**ASSIGNED TASK**
What you should end up with is an exact copy of the lines from the one holding "Seaview Retreat" through the last line of the entries below, both included, and nothing else; leave every picture out.
Top of GIVEN RECORDS
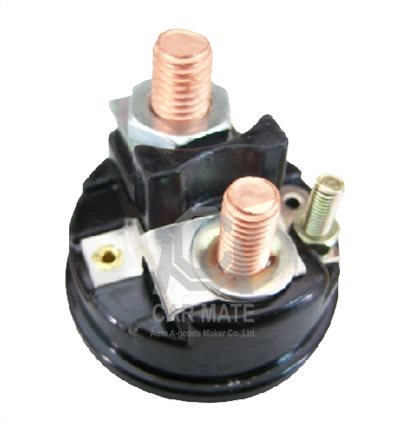 CMS-4524C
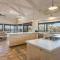 Seaview Retreat
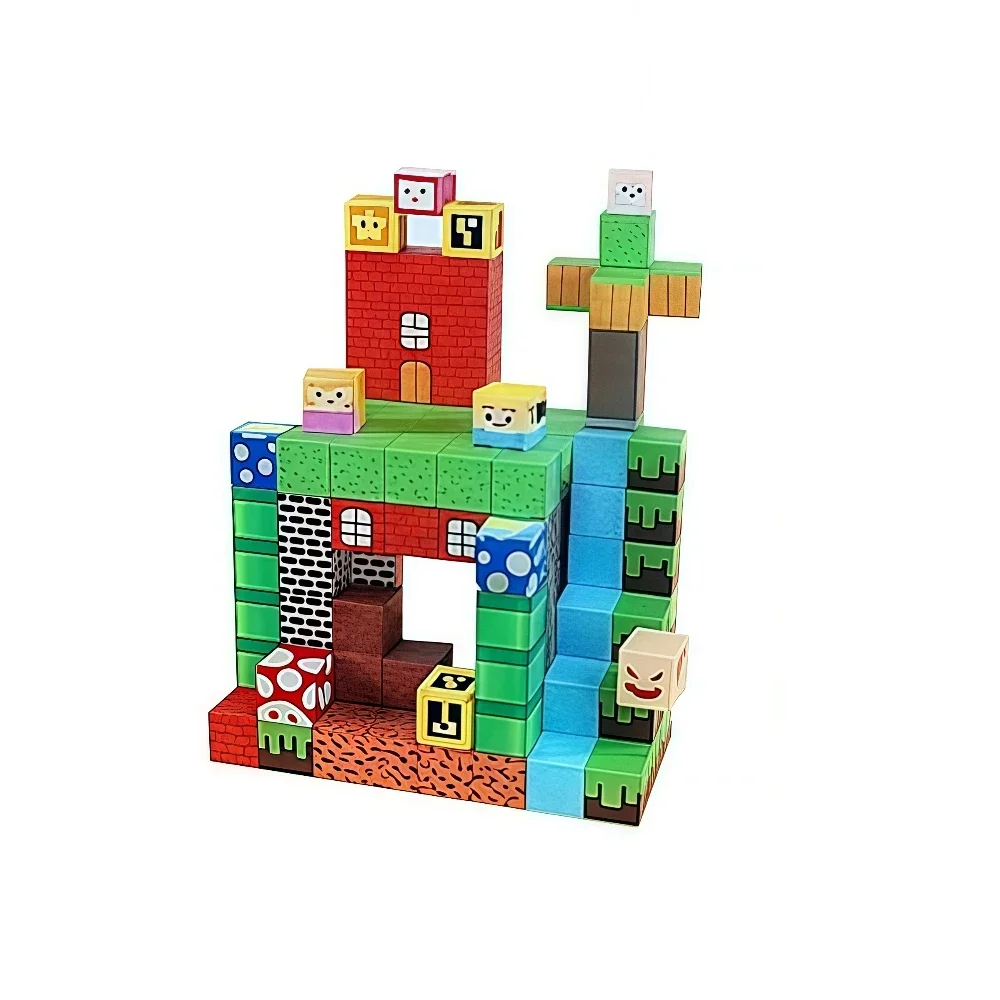 S23572d33904c41f389e8e9a29e98ad3ff - Magnetic Blocks Store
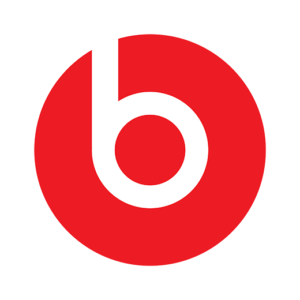بیتس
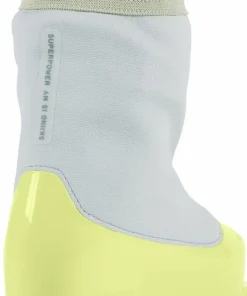 Fischer Fischer Two Yellow No Color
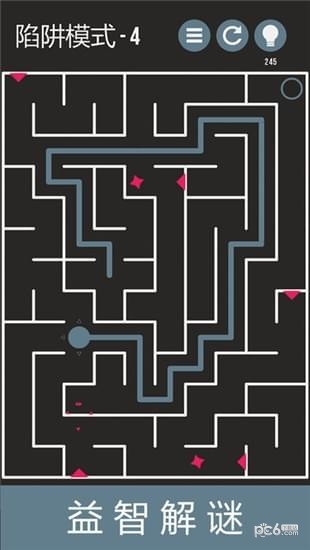 迷宫游戏世界下载_迷宫游戏世界下载官方版_迷宫游戏世界下载电脑版下载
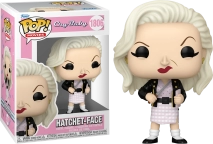 Cry-Baby- Hatchet-Face Pop!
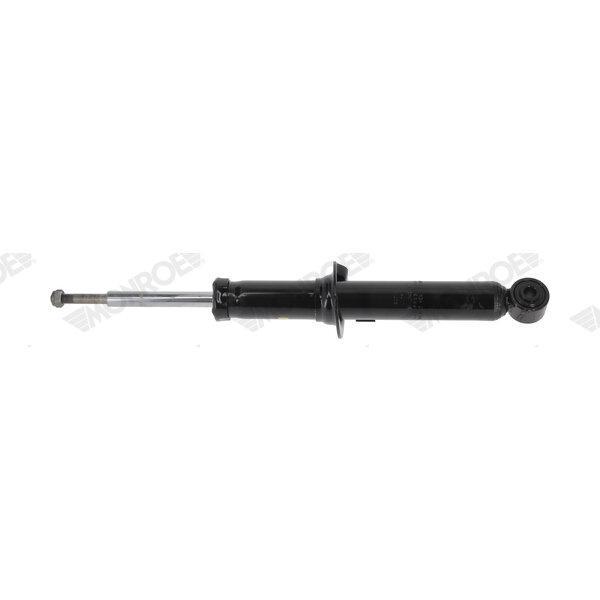 1 Ammortizzatore MONROE Adventure D8026R
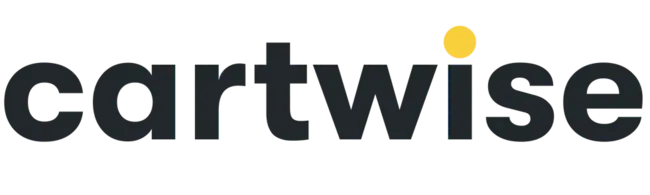 Cartwise Systems, Inc. : Cartwise系统公司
Bottom of GIVEN RECORDS
**SOLUTION**
 Seaview Retreat
 S23572d33904c41f389e8e9a29e98ad3ff - Magnetic Blocks Store
بیتس
 Fischer Fischer Two Yellow No Color
 迷宫游戏世界下载_迷宫游戏世界下载官方版_迷宫游戏世界下载电脑版下载
 Cry-Baby- Hatchet-Face Pop!
 1 Ammortizzatore MONROE Adventure D8026R
 Cartwise Systems, Inc. : Cartwise系统公司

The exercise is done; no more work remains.